The claims of this document define certain combinations and subcombinations of elements, features and acts or operations, which are regarded as novel and non-obvious. The claims also include elements, features and acts or operations that are equivalent to what is explicitly mentioned. Additional claims for other such combinations and subcombinations may be presented in this or a related document. These claims are intended to encompass within their scope all changes and modifications that are within the true spirit and scope of the subject matter described herein. The terms used herein, including in the claims, are generally intended as “open” terms. For example, the term “including” should be interpreted as “including but not limited to,” the term “having” should be interpreted as “having at least,” etc. If a specific number is ascribed to a claim recitation, this number is a minimum but not a maximum unless stated otherwise. For example, where a claim recites “a” component or “an” item, it means that the claim can have one or more of this component or this item.


In construing the claims of this document, the inventor(s) invoke 35 U.S.C. § 112 (f) only when the words “means for” or “steps for” are expressly used in the claims. Accordingly, if these words are not used in a claim, then that claim is not intended to be construed by the inventor(s) in accordance with 35 U.S.C. § 112 (f).

Claims
  • 1. A method for interacting with an audience for education purposes, the method including: receiving a prompt to begin an education process, wherein the prompt is received by one or more microphones;audibly providing content to an audience via one or more speakers based at least in part on the prompt;visually providing the content to an audience via one or more screens; prompting the audience with one or more questions via the one or more speakers once the content bas finished;prompting the audience with one or more questions via the screens once the content has finished;providing the audience with a choice of response method; andreceiving a response via the chosen response method.

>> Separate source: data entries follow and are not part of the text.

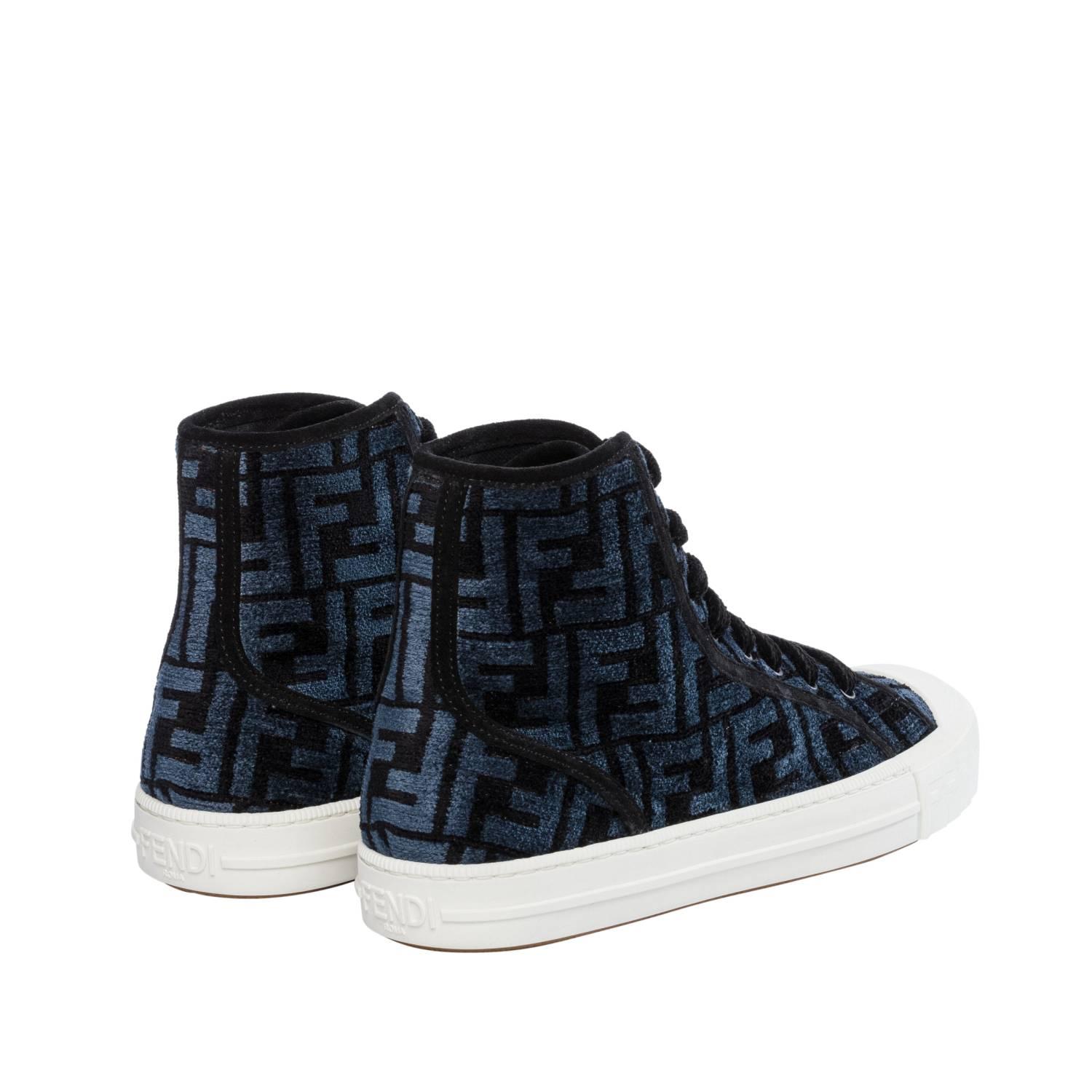 Fendi FF Jacquard Low-Top Sneakers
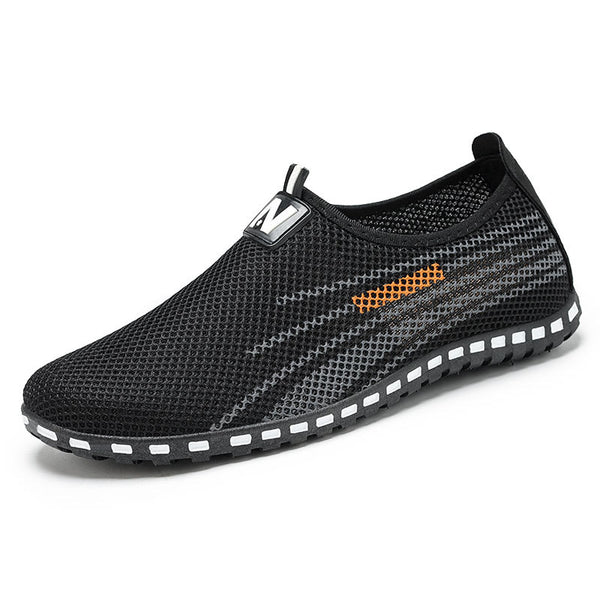 Sandalias Huecas Transpirables para Hombre - Zapatos Casuales Cómodos Estilo Moderno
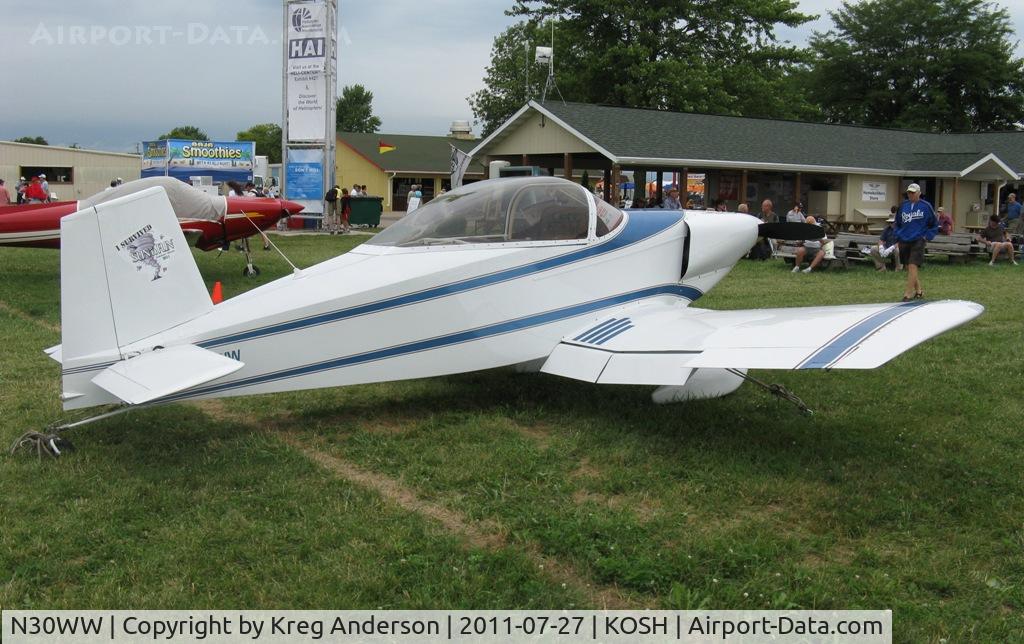 N30WW, 1994 Thorp T-18 Tiger C/N 1 (N30WW), EAA AirVenture 2011 - Unknown Thorp T-18 with a 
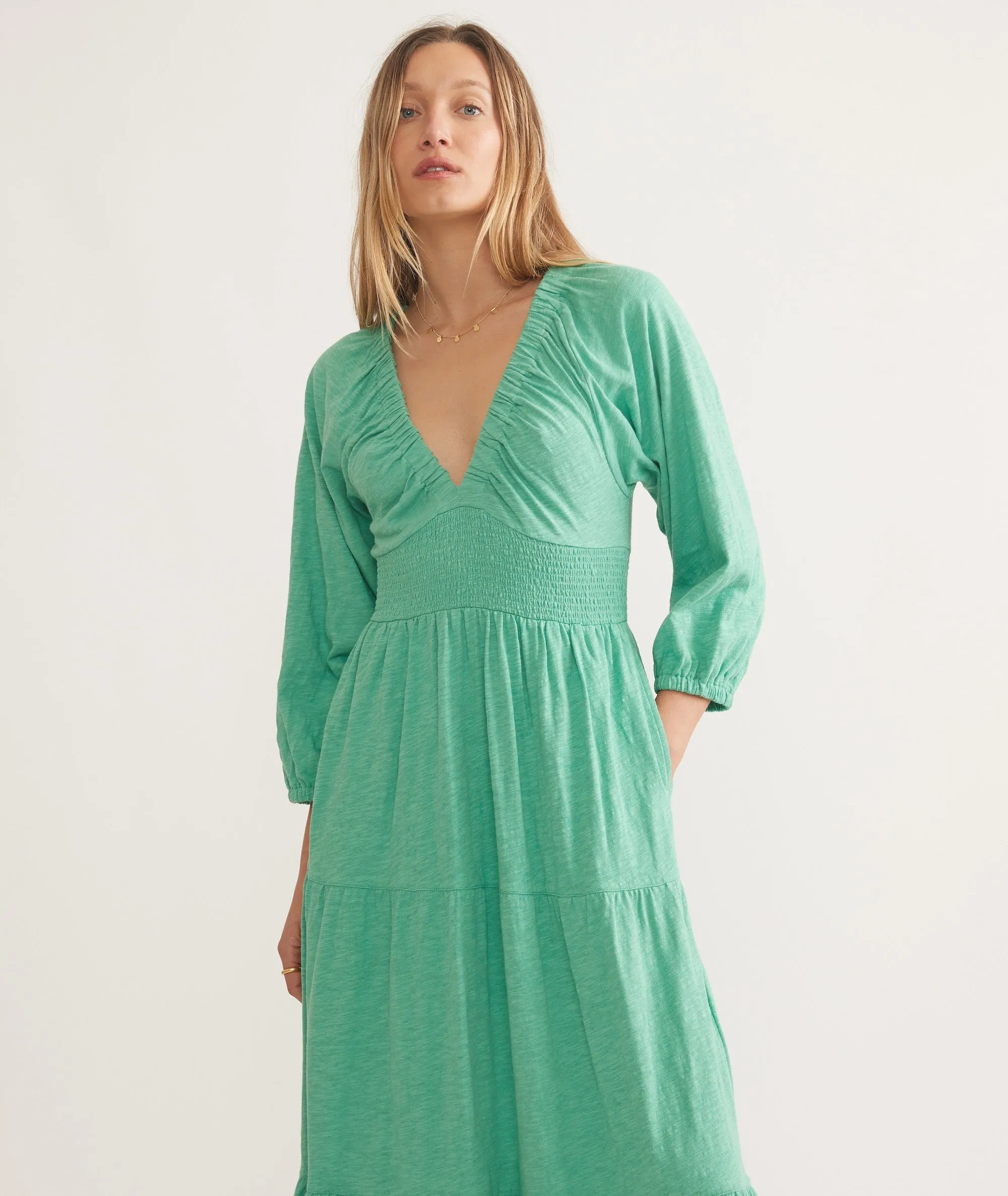 Florence Vintage Slub Midi Dress sold by Marine Layer product image thumbnail 3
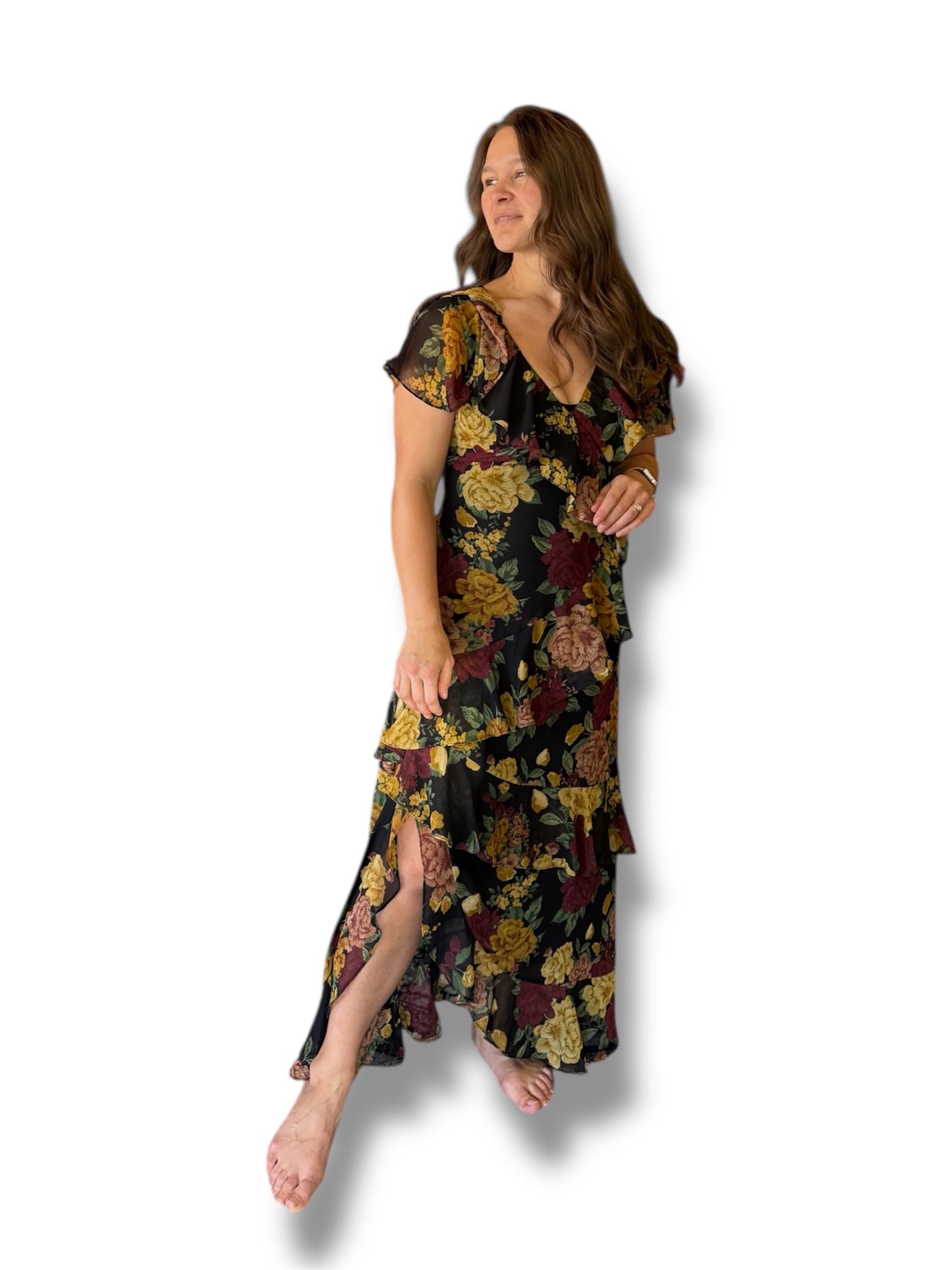 Nightfall Rose Maxi Dress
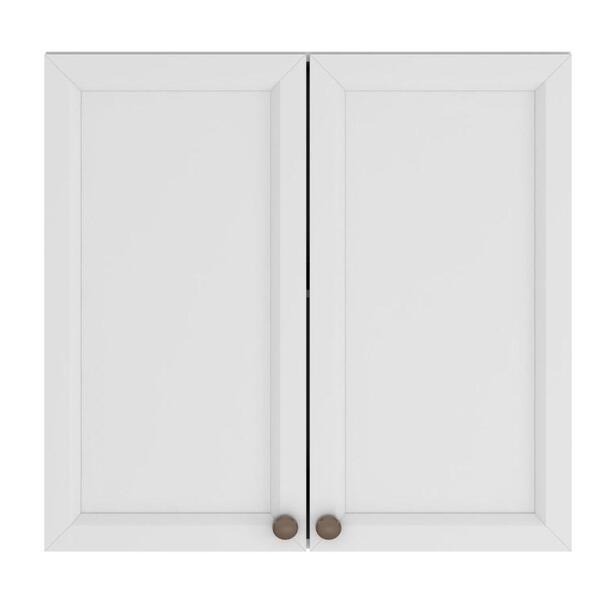 Armário Aéreo 2 Portas 80cm Unna Poliman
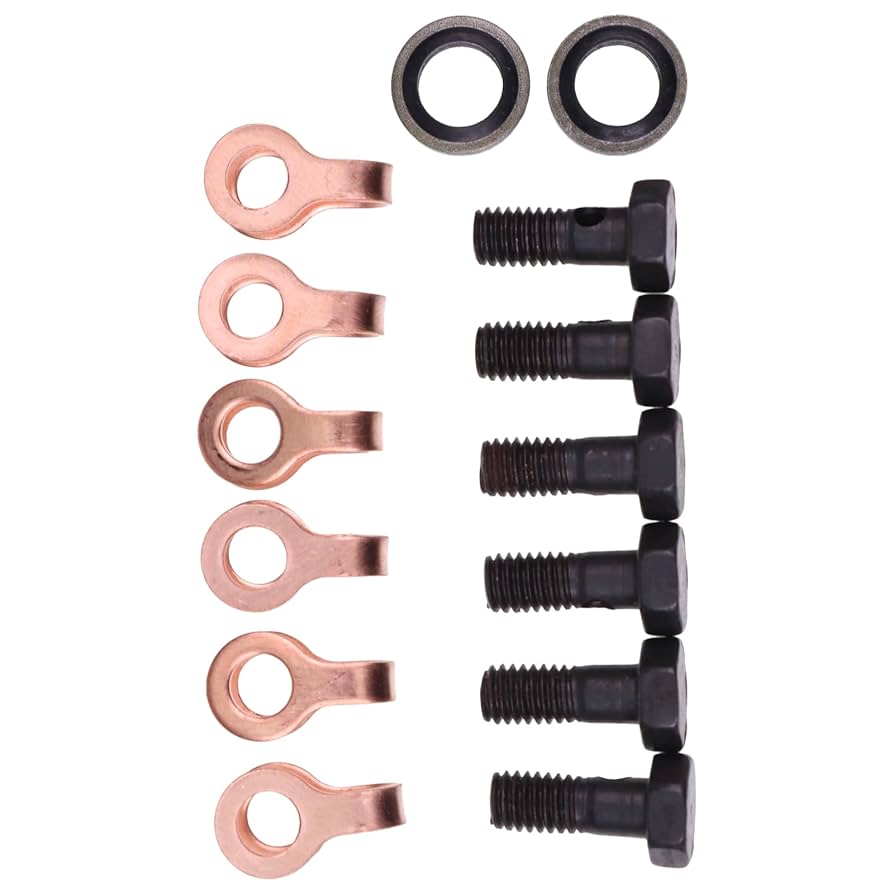 Amazon.com: Czomoizc Fuel Return line Banjo Bolt kit 3905307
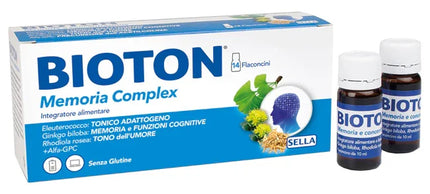 BIOTON MEMORIA COMPLEX 14 FLACONCINI DA 10 ML - Farmaspeed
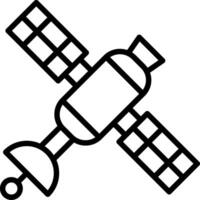 Satelite Line Icon Design vector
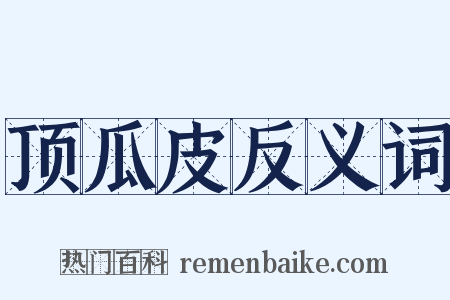 顶瓜皮反义词是什么意思的图片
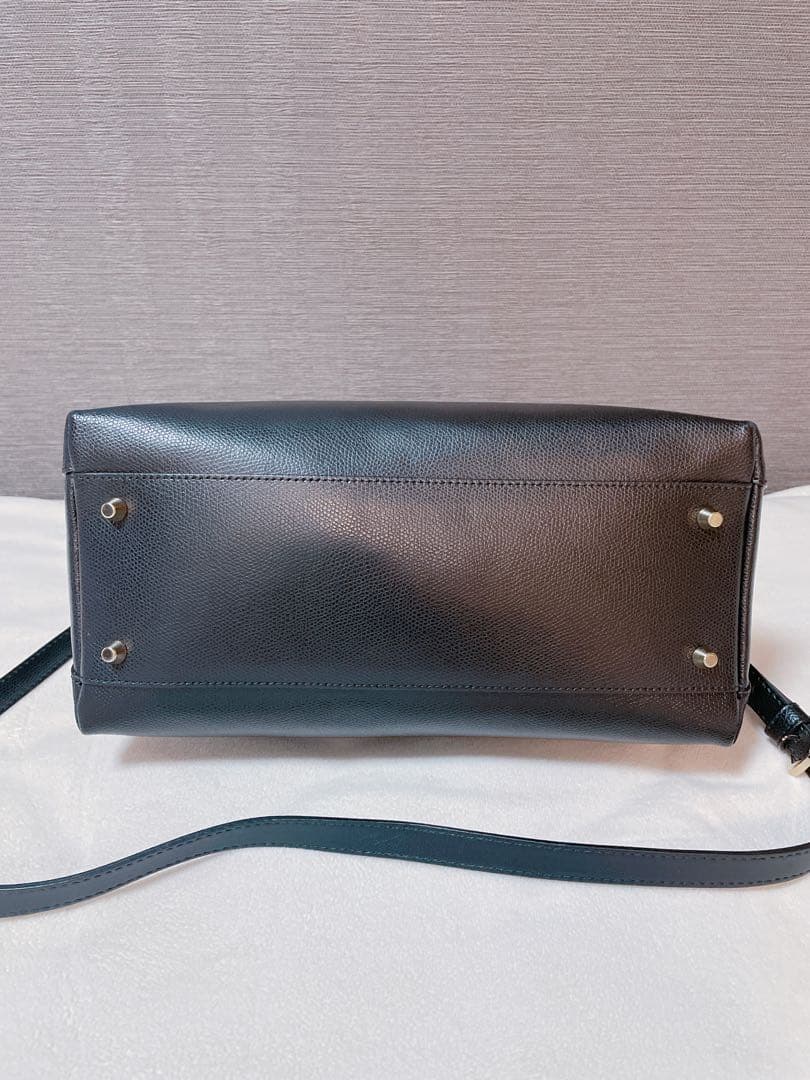 FURLA フルラ　パイパー　ショルダーバッグ　ハンドバッグ　ブラック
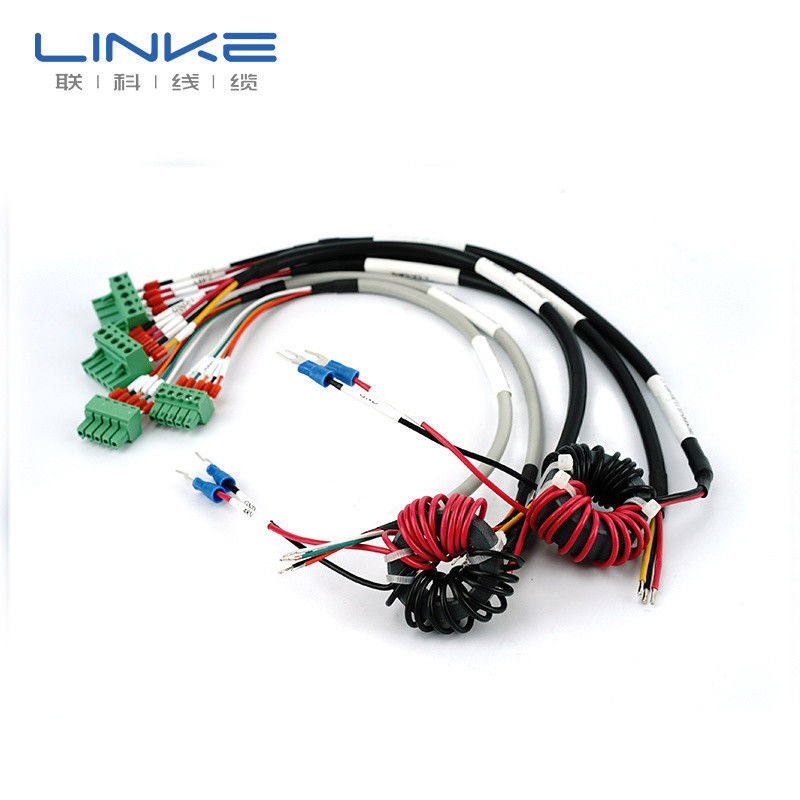 Multi Leads Cable ECG ECG de cobre enlatado para monitoramento de sinal de alta tensão médica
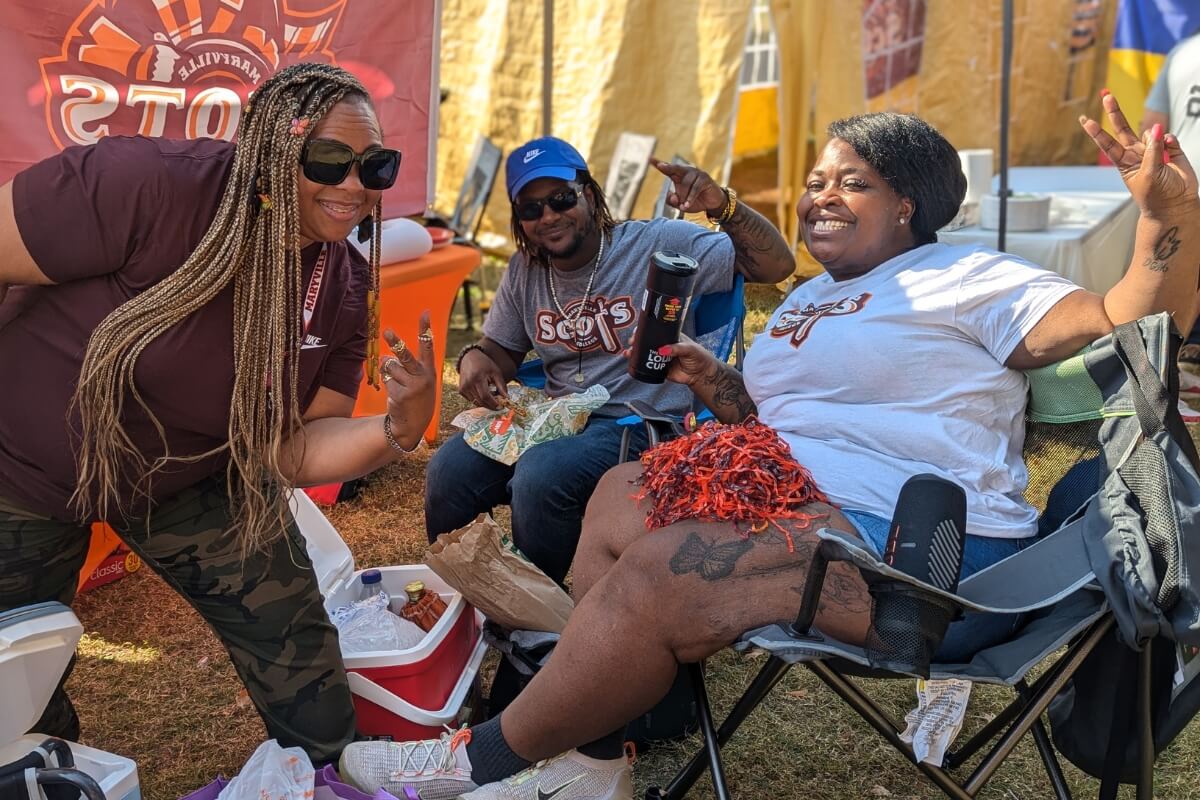 Photo of Tameika Hampton and a friend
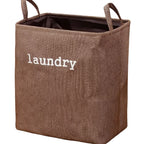 Foldable Microfiber Laundry Basket (Reinforced Handles)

  • 2. The method of claim 1 wherein the choice of response method includes at least one of an audio input or touch input or combination thereof.
  • 3. The method of claim 1, further comprising: providing one or more questions via speakers and/or screens based on content and content metadata stored in a database, server, or other content repository.
  • 4. The method of claim 1, further comprising: determining which input method takes precedence over the other input methods to be evaluated by the software application based on timing, likely intent, and additional factors.
  • 5. The method of claim 1, further comprising: determining if more than one input method can be used to simultaneously evaluate audience responses to one or more questions.
  • 6. The method of claim 1, further comprising: evaluating results of audience responses using one or more input methods.
  • 7. The method of claim 1, further comprising: rendering questions in audio format using one or more speakers based on content and metadata of content stored in a database, server, or other content repository.
  • 8. The method of claim 1, further comprising: rendering questions in visual format using one or more screens based on content and metadata of content stored in a database, server, or other content repository.
  • 9. The method of claim 1, further comprising: synchronizing rendering of audio and visual elements of questions based on content and metadata of content stored in a database, server, or other content repository.